As the United States moves forward into the era of commercial space activities and sends more people into space than ever before, there remains a disparity as to who is able to thrive in this field.
A study 2021 published in the journal Scientists progress examined 21 STEM (science, technology, engineering, and math) professional societies and found that “LGBTQ STEM professionals were more likely to experience career limitations, harassment, and professional devaluation than their non-LGBTQ peers.”
What do you want to know
- Out Astronaut was created to increase LGBTQ representation in space and STEM fields
- Florida Tech alum Brian Murphy is Astronaut Out 2021
- Murphy helped unveil the Dr. Sally Ride neighborhood in her home state of Maryland in April
The study also found that this group was “more likely to intend to leave STEM” and “reported more frequent health problems”.
Seeking to meet part of this challenge, institutions such as the International Institute of Astronomical Sciences (IIAS), PoSSUM Project and Go out to innovate have come together to help sponsor The Out Astronaut Project.
The program selects someone from the LGBTQ community to begin a three-phase course with the eventual goal of conducting a science mission aboard a commercial suborbital flight.
A recent Florida Tech graduate student, Brian Murphy, has been chosen as 2021 Our astronaut.
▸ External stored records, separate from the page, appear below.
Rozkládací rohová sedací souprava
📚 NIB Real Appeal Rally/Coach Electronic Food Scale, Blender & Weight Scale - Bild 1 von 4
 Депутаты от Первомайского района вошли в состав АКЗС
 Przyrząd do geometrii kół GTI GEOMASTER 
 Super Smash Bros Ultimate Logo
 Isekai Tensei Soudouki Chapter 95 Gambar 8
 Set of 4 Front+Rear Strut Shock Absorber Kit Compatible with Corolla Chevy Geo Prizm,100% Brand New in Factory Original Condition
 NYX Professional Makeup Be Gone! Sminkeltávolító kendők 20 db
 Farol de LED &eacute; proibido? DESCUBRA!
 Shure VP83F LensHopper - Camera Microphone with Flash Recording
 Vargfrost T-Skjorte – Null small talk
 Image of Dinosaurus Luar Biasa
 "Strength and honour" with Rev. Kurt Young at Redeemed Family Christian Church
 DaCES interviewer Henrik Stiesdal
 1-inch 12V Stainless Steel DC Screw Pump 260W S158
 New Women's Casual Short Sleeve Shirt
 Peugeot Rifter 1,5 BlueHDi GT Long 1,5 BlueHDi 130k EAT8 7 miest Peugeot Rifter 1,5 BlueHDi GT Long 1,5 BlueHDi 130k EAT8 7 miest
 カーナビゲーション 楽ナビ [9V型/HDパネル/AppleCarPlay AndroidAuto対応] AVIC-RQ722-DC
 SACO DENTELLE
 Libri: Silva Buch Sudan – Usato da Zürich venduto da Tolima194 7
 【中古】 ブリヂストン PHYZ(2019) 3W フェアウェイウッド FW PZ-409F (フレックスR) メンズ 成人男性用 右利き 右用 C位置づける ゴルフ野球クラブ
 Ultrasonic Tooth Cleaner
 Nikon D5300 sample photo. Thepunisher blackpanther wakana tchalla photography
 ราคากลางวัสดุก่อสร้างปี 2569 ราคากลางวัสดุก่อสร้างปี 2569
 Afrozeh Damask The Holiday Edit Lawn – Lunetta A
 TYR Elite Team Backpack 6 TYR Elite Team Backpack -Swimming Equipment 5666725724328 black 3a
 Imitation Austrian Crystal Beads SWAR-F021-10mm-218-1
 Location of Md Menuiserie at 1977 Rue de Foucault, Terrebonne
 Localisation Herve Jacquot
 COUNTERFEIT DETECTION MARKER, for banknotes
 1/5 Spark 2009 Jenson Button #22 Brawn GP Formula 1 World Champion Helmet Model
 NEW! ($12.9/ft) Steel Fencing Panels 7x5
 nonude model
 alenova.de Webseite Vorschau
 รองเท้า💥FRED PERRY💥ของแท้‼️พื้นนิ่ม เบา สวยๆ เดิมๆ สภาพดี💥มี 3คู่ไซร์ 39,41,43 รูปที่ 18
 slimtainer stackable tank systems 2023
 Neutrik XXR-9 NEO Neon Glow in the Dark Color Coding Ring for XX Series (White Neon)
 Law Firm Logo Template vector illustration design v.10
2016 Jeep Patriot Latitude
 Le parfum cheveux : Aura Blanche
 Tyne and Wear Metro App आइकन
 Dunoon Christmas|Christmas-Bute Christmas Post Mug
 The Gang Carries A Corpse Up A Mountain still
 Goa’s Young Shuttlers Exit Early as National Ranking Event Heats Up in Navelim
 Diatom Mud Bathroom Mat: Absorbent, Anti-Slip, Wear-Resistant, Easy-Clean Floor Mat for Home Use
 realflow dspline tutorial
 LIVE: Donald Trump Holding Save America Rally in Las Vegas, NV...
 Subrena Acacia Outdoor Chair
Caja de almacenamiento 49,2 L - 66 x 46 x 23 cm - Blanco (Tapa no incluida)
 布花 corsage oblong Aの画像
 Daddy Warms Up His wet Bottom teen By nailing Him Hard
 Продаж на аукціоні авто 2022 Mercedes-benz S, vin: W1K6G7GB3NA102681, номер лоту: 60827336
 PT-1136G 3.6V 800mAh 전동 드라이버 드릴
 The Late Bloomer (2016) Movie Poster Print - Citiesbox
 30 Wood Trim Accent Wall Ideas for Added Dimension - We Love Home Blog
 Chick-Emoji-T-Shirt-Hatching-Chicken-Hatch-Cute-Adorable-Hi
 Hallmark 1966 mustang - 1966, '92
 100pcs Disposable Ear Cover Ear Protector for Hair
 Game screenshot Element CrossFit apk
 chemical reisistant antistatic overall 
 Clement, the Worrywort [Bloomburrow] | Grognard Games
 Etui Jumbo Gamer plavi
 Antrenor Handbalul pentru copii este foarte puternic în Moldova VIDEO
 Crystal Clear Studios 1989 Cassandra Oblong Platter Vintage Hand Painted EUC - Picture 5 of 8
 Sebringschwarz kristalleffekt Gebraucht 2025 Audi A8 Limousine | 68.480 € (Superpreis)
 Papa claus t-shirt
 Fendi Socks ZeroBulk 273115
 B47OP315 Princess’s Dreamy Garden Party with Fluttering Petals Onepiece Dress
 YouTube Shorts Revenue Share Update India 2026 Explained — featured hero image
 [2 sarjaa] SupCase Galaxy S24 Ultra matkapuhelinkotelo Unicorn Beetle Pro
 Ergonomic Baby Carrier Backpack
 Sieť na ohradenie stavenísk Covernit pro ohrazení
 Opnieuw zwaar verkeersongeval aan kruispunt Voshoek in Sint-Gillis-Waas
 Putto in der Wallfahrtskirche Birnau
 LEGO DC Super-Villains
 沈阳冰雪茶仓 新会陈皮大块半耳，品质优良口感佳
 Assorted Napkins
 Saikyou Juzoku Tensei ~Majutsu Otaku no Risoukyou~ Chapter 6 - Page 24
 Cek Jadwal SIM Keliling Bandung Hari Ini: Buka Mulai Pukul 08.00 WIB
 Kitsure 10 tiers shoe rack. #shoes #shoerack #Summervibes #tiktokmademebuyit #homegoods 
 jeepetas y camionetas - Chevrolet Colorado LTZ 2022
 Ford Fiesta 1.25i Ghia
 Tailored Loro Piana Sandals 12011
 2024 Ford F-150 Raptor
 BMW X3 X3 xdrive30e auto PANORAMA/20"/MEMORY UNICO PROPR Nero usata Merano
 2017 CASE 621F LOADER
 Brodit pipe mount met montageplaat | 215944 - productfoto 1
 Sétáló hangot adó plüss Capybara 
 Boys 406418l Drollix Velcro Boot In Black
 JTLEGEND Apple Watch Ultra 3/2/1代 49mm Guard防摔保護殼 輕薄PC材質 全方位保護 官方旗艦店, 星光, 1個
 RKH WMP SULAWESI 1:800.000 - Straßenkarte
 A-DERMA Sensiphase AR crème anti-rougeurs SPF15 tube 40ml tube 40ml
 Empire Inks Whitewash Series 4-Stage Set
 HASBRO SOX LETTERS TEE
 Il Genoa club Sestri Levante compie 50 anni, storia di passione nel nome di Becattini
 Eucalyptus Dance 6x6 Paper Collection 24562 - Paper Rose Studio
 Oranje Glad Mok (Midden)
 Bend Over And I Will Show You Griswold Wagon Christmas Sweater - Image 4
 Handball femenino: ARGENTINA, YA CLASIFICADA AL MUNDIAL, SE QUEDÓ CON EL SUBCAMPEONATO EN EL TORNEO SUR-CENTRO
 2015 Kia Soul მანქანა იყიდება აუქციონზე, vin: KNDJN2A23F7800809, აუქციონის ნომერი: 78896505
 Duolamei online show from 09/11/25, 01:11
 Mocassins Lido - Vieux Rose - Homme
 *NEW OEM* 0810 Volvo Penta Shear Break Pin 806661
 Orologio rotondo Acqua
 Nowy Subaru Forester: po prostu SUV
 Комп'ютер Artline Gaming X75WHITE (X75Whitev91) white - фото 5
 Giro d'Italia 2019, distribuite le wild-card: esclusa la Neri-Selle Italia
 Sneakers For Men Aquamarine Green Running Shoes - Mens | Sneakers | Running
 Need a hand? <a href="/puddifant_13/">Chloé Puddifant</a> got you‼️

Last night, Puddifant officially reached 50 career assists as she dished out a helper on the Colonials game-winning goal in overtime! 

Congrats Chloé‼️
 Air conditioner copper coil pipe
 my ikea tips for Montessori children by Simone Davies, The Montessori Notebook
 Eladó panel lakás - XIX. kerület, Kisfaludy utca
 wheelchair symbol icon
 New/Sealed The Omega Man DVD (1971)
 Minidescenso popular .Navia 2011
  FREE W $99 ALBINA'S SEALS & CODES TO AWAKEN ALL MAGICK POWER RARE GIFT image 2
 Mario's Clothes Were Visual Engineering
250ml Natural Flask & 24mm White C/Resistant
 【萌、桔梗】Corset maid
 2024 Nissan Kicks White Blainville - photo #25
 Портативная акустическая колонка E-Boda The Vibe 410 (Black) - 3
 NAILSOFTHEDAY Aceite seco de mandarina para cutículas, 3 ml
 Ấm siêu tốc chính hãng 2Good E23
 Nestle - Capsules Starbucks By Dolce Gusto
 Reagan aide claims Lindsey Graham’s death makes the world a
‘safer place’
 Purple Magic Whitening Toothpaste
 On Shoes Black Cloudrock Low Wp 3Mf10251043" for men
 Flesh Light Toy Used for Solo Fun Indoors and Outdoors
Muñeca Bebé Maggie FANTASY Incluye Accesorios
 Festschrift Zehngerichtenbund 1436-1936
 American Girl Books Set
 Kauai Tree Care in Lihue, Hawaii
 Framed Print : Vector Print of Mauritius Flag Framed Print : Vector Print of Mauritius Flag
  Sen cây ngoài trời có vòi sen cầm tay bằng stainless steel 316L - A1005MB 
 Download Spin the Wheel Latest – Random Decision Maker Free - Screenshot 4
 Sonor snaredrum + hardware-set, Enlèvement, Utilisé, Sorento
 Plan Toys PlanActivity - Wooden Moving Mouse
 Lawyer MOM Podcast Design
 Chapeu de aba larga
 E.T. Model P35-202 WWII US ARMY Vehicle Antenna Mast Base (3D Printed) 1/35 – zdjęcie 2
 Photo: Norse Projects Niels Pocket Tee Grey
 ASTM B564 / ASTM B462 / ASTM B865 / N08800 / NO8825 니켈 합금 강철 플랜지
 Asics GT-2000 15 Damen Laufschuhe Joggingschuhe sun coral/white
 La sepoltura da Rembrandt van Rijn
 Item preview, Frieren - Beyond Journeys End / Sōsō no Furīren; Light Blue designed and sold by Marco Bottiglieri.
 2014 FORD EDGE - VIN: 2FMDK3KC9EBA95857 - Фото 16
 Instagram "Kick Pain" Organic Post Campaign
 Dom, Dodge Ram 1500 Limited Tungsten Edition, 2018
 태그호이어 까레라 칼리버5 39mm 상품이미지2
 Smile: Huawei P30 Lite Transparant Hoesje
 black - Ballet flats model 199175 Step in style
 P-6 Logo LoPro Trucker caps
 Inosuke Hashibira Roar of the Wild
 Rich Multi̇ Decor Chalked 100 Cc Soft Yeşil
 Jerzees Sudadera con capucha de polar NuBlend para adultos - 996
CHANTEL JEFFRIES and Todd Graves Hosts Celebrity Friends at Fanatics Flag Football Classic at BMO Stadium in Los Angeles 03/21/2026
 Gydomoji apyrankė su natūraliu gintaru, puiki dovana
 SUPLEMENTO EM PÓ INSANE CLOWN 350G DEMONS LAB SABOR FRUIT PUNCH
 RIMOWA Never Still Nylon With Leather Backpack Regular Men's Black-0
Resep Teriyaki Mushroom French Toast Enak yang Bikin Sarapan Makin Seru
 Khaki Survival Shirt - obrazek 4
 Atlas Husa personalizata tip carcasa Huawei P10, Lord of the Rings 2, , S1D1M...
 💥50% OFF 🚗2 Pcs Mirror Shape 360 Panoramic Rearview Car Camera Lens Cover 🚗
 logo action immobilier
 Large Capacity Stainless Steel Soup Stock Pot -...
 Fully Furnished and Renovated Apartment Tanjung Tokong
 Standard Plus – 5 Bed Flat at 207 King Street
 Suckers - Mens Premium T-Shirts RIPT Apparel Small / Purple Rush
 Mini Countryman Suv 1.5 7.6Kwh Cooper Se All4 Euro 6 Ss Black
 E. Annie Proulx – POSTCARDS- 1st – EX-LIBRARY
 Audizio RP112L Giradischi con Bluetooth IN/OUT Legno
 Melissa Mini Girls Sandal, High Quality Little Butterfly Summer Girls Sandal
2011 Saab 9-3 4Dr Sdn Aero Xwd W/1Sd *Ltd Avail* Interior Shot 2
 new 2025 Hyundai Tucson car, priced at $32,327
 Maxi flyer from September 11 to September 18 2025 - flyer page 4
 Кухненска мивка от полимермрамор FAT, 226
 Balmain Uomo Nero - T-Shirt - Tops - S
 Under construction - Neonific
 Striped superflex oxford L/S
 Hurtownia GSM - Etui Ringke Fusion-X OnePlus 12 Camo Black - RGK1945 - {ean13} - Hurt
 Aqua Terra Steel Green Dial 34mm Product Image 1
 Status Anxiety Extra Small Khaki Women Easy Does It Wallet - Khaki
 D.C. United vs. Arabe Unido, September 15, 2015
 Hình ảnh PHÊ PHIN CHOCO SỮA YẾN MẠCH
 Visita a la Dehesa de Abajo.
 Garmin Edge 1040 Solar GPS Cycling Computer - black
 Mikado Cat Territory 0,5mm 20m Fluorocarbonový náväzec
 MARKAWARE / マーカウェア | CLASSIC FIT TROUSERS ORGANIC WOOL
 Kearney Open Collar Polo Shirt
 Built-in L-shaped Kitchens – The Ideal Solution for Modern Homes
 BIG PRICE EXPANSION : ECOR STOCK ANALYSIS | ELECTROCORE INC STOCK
The planetary science major said it was an amazing opportunity to share her story and create a platform for others in the LGBTQ community.
“I was absolutely blown away because this was something I had been looking for for so long and I knew I had to apply,” Murphy said. “I saw the opportunity to not only advance myself, but to advance others, to break down those barriers intrinsic to academic and professional STEM fields.”
At this point, Muphy is at the end of the first phase, which is basic training through the PoSSUM project. All candidates taking the IIAS training start with the PoSSUM project courses at Florida Tech.
Phase two of the program structured by the IIAS is advanced training in astronautics, and phase three is the in-flight science mission.
IIAS and Out Astronaut were the brain children of Jason Reimuller, a Florida Tech alum himself and someone who also identifies as gay. He previously served in the Air Force and said he was twice selected as a “highly qualified” astronaut candidate by NASA, but was not selected.
Creating performance space has long been important to Reimuller. Him and his friend Marc Bingham helped create what Reimuller described as the first open men’s rugby team before Bingham was killed along with 39 other passengers on United Flight 93 in 2001.
The Bingham Cup was created in his honor the following year.
“Sport and STEM have a lot of similarities. They build bridges between cultures. They’re based on merit, not your influence over your money, and people relate to that. It connects cultures and yet we still have a lot to do in STEM,” said Reimuller.
The Out Astronaut Project has not announced when it will take on another candidate, but Murphy said he wants to make the most of this platform. In April, he was in his home state of Maryland, where he joined representatives from the US Mint to unveil the Sally Ride Edition of the quarter as part of the “American Women’s Quarters” series.
“Sally’s legacy has inspired me time and time again to not give up, to reach new heights, and to be proud of who I am as an LGBTQ individual,” Murphy said at the 21 event. april. “Ultimately, it was knowing his identity that gave me the strength to apply for the Out Astronaut competition in 2021, which will allow me to follow in his footsteps as I train for suborbital spaceflight. and advocates for LGBTQ acceptance around the world.”